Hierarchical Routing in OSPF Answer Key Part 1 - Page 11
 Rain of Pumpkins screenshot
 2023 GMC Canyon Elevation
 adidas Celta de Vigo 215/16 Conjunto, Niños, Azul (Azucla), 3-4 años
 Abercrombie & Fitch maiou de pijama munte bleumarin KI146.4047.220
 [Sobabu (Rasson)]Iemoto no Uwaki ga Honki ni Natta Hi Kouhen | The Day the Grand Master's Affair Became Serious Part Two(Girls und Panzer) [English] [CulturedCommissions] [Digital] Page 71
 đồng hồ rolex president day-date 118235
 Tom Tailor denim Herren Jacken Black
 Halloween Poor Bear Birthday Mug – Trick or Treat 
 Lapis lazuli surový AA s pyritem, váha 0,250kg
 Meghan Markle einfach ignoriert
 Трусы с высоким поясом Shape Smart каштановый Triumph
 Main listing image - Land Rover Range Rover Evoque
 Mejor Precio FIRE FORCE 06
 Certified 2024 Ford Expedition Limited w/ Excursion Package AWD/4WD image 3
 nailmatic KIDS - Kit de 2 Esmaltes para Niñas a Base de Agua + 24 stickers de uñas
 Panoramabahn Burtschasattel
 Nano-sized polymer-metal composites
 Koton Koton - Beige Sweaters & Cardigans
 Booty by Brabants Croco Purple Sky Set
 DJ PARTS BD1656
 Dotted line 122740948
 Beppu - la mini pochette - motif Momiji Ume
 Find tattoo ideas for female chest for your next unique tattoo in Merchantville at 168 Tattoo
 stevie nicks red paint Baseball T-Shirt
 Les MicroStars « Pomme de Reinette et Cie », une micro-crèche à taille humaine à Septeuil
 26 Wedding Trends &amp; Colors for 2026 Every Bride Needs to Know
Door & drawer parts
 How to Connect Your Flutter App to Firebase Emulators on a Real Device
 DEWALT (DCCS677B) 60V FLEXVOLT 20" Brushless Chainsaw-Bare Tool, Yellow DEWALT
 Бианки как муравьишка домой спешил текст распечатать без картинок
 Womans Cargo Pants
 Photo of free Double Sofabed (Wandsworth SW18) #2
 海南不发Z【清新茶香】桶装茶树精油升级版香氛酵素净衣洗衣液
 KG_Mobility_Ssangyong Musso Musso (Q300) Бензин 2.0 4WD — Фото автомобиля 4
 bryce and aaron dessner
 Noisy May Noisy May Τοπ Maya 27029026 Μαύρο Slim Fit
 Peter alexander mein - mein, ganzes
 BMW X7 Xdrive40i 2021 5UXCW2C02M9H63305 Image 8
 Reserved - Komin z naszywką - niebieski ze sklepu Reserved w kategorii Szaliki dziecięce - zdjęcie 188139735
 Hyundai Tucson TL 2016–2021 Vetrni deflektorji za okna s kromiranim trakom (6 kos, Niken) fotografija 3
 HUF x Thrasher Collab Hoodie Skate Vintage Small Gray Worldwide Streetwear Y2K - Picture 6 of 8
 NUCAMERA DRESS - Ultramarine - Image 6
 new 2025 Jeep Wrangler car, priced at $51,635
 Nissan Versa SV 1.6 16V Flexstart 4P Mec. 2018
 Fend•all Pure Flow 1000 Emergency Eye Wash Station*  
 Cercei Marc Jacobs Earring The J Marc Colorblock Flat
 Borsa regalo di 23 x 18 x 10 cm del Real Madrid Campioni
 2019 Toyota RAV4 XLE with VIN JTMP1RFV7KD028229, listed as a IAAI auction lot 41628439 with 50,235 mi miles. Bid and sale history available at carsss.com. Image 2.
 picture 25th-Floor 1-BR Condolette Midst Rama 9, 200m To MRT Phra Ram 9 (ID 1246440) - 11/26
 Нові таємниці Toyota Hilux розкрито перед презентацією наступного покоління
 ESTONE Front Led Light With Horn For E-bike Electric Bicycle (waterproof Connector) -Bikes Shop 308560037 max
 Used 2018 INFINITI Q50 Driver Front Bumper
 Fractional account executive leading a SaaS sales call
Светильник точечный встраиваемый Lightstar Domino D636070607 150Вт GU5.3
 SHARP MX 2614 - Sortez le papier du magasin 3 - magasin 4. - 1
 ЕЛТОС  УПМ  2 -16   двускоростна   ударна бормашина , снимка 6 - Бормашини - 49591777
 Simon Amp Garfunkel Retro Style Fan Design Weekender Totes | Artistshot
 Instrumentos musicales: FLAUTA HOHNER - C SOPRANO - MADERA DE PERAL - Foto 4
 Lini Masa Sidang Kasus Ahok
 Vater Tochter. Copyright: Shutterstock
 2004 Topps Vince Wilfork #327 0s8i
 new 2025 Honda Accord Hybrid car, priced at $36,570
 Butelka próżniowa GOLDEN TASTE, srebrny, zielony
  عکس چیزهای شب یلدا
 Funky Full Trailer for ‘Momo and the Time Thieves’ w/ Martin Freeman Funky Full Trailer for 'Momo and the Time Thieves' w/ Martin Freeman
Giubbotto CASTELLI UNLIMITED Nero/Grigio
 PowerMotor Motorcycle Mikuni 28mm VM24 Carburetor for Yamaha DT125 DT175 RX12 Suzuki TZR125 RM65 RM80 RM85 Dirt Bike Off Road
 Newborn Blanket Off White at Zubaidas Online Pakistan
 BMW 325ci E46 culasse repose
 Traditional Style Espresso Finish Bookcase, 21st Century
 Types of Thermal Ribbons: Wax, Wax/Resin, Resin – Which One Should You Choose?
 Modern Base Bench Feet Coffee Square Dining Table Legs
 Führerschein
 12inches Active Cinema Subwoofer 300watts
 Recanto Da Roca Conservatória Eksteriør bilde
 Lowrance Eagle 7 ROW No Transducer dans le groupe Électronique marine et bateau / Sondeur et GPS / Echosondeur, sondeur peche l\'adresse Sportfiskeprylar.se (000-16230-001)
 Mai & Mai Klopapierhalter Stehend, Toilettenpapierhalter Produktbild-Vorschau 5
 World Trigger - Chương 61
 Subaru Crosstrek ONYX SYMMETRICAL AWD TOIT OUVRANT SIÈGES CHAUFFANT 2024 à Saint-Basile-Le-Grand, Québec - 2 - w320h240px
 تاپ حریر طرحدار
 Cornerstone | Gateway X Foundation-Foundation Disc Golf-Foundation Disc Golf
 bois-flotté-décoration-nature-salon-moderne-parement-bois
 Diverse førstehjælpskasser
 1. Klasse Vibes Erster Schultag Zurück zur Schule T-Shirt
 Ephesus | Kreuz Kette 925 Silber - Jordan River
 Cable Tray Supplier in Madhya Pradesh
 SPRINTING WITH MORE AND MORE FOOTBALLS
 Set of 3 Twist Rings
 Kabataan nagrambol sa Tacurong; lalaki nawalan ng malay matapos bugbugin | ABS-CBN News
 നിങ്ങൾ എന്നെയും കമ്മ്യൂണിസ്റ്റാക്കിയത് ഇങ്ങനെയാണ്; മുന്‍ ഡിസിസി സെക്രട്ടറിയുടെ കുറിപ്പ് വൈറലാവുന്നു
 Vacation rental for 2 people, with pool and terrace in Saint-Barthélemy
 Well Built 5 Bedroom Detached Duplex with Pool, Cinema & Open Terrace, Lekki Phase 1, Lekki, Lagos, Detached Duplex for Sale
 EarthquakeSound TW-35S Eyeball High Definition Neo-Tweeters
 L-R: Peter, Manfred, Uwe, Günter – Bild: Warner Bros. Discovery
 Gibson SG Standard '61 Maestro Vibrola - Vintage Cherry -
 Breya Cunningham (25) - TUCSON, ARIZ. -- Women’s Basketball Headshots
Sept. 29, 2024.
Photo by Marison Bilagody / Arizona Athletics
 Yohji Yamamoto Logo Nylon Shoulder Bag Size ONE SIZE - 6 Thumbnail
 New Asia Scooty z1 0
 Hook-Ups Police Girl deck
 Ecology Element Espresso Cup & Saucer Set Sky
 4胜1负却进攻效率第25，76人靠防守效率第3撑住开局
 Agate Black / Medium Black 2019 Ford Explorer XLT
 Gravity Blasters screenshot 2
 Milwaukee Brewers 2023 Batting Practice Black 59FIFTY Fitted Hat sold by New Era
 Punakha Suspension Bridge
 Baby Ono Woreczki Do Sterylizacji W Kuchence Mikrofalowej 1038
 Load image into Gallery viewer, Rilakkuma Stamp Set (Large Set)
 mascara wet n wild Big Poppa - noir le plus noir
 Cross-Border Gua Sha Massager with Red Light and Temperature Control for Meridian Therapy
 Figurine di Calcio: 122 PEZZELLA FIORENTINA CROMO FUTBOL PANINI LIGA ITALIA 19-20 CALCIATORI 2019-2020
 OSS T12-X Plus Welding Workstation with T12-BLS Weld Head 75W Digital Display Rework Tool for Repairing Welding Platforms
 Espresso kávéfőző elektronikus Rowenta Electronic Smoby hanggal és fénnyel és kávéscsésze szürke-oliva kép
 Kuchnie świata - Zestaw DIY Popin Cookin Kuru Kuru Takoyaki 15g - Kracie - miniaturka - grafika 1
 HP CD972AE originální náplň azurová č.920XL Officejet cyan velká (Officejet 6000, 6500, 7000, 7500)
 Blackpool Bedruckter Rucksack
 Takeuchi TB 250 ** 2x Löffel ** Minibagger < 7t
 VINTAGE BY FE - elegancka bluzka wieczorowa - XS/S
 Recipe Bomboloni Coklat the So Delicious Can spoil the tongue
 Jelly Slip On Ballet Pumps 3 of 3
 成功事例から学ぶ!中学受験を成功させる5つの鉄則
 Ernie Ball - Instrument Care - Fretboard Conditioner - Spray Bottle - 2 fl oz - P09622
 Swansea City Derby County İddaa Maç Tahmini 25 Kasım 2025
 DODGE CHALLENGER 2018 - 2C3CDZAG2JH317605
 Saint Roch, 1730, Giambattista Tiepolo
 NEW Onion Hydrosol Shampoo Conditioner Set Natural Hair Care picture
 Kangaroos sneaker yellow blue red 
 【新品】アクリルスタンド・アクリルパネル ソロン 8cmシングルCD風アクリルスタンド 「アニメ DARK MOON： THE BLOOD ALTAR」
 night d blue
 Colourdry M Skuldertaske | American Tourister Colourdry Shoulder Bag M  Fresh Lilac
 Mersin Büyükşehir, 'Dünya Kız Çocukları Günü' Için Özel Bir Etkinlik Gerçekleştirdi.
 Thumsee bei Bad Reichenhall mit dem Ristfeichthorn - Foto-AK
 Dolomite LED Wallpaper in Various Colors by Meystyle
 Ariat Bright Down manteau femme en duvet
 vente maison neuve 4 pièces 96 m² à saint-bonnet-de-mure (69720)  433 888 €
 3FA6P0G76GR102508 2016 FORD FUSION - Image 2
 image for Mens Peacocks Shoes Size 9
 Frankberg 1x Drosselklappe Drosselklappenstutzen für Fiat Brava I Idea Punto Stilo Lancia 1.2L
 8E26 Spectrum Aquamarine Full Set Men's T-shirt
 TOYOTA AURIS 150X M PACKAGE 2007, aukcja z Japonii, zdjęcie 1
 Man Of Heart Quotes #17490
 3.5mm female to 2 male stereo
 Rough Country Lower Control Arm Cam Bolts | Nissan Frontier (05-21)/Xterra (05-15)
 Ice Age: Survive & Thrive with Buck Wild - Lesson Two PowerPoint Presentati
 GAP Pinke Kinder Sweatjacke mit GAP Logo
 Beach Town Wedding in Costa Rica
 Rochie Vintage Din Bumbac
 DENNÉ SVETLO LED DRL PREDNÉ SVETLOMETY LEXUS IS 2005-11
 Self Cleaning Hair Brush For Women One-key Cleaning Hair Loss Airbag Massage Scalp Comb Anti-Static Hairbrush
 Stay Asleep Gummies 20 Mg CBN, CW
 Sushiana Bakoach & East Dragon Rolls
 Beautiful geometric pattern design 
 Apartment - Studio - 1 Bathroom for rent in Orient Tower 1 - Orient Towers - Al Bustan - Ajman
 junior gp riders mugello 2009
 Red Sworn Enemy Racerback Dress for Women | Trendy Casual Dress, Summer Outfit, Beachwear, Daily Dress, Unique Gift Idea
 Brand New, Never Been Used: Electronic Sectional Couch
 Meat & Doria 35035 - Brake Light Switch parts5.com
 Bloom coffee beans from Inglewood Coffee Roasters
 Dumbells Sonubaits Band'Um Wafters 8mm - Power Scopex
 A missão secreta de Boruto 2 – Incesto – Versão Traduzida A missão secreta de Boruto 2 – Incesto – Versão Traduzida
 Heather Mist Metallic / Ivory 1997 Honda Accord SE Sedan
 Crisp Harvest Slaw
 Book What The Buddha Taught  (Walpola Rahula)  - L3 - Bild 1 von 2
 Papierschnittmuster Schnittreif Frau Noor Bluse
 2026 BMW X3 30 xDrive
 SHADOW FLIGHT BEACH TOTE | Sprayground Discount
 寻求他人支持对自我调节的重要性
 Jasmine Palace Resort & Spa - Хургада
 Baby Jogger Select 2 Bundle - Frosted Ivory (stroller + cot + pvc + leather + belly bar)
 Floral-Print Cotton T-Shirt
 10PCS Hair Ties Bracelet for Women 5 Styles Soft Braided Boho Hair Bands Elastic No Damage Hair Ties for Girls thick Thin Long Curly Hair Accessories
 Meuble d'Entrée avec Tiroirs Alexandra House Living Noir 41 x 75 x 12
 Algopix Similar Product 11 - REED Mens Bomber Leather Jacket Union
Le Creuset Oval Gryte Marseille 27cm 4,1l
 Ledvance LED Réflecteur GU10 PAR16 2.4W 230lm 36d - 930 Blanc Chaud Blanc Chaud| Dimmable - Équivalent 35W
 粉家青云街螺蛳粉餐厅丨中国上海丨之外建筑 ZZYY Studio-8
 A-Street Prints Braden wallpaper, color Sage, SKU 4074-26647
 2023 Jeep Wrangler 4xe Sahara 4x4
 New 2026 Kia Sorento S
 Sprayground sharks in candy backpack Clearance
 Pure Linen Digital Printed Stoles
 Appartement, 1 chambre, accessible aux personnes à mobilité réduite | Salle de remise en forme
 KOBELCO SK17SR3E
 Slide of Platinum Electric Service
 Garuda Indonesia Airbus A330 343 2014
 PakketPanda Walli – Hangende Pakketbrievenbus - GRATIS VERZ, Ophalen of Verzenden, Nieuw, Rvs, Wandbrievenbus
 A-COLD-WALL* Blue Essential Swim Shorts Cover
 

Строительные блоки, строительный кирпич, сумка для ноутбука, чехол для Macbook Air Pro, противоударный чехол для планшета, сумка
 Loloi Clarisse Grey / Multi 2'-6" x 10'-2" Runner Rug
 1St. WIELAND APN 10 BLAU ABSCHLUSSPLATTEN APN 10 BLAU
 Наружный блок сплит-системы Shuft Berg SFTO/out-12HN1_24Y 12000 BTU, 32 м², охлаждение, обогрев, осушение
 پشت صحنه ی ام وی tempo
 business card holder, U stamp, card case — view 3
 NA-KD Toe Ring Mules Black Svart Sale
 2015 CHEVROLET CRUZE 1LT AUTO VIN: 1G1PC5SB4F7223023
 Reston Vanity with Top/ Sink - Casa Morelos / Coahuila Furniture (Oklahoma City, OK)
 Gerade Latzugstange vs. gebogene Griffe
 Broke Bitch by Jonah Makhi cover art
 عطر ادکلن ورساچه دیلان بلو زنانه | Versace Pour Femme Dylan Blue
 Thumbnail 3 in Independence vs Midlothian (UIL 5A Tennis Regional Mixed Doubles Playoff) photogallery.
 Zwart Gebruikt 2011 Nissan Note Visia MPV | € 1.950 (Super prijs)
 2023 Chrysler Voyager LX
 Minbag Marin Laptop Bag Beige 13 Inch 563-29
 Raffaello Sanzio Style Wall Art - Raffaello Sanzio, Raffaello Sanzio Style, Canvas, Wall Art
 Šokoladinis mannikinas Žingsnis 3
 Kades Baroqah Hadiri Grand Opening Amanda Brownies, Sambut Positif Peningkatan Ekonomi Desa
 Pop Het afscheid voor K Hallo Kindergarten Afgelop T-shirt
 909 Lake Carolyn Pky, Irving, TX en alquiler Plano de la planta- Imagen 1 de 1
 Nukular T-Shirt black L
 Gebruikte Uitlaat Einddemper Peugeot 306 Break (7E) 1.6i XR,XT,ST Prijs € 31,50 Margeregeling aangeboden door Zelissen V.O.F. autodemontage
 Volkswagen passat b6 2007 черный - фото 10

Problem —
Within the listing above, the range opens at the line with "HP CD972AE originální" and closes at the line with "Ernie Ball - Instrument". Reproduce exactly the lines of that range, including both ends.

Solution to the exercise —
 HP CD972AE originální náplň azurová č.920XL Officejet cyan velká (Officejet 6000, 6500, 7000, 7500)
 Blackpool Bedruckter Rucksack
 Takeuchi TB 250 ** 2x Löffel ** Minibagger < 7t
 VINTAGE BY FE - elegancka bluzka wieczorowa - XS/S
 Recipe Bomboloni Coklat the So Delicious Can spoil the tongue
 Jelly Slip On Ballet Pumps 3 of 3
 成功事例から学ぶ!中学受験を成功させる5つの鉄則
 Ernie Ball - Instrument Care - Fretboard Conditioner - Spray Bottle - 2 fl oz - P09622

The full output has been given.